I have many A4 pads of handwritten notes, which I would like to convert into Microsoft Word documents. To type them all in would take a very long time. I’ve noticed that Google’s ability to read text from photos has vastly improved in recent months. Are you aware of a tool from Google or anyone else that can do a good job of this, please? Michael
The idea of converting written or printed text into digital text is generally called OCR for optical character recognition, and it has similar problems to speech recognition. That is to say, if the input is close to perfect, the output can also be close to perfect.
But in practice, it works best when dealing with restricted inputs and/or limited domains. For example, it’s possible to recognise the English names for numbers and the names of major UK cities, especially if you can get people to write each letter in its own little box. The same software wouldn’t have the domain expertise to cope with a Russian-speaking coroner who liked to include Sanskrit quotations in his handwritten autopsies.

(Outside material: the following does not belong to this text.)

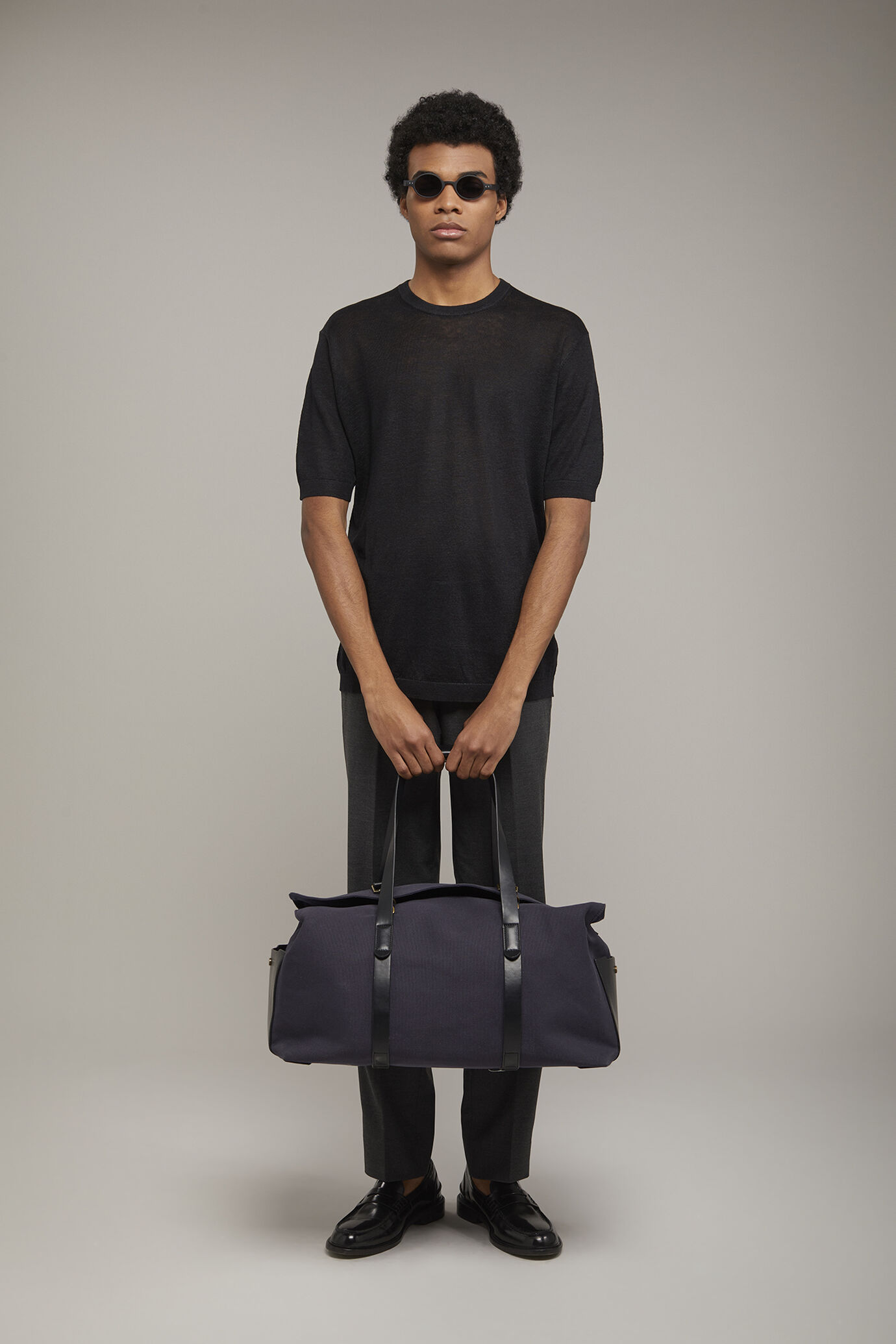 T-shirt homme en maille 100&nbsp;% lin &agrave; manches courtes coupe r&eacute;guli&egrave;re image number 0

OCR works best with high-quality printed materials and worst of all with handwriting, so you’re not starting from the best position. In my experience, you can only get handwriting recognition to work well enough by doing it in real time. That enables you to train the software to recognise your input, while the software also trains you to write characters in ways that it can understand. I’ve had some success with this approach, starting more than a decade ago with Microsoft OneNote (which can also record your voice in sync) running on Windows XP Tablet Edition, and more recently with a Livescribe Echo digital pen and MyScript software. However, all this has more to do with keyboard replacement strategies than with OCR.
It’s generally agreed that the best OCR programs are Abbyy FineReader (£99) and Nuance’s OmniPage 18 (£79.99) and Ultimate (£169.99), though neither is suitable for cursive handwriting recognition. Both companies offer free trial versions so you can test them before you splash out. There’s also CharacTell’s SoftWriting ($49.95), which the company says is for students taking notes in class and professionals taking notes in meetings. But it also says it is designed “for recognising non-connected handwriting and machine-printed text” (their emphasis) so I wouldn’t bet on it reading your handwritten notes.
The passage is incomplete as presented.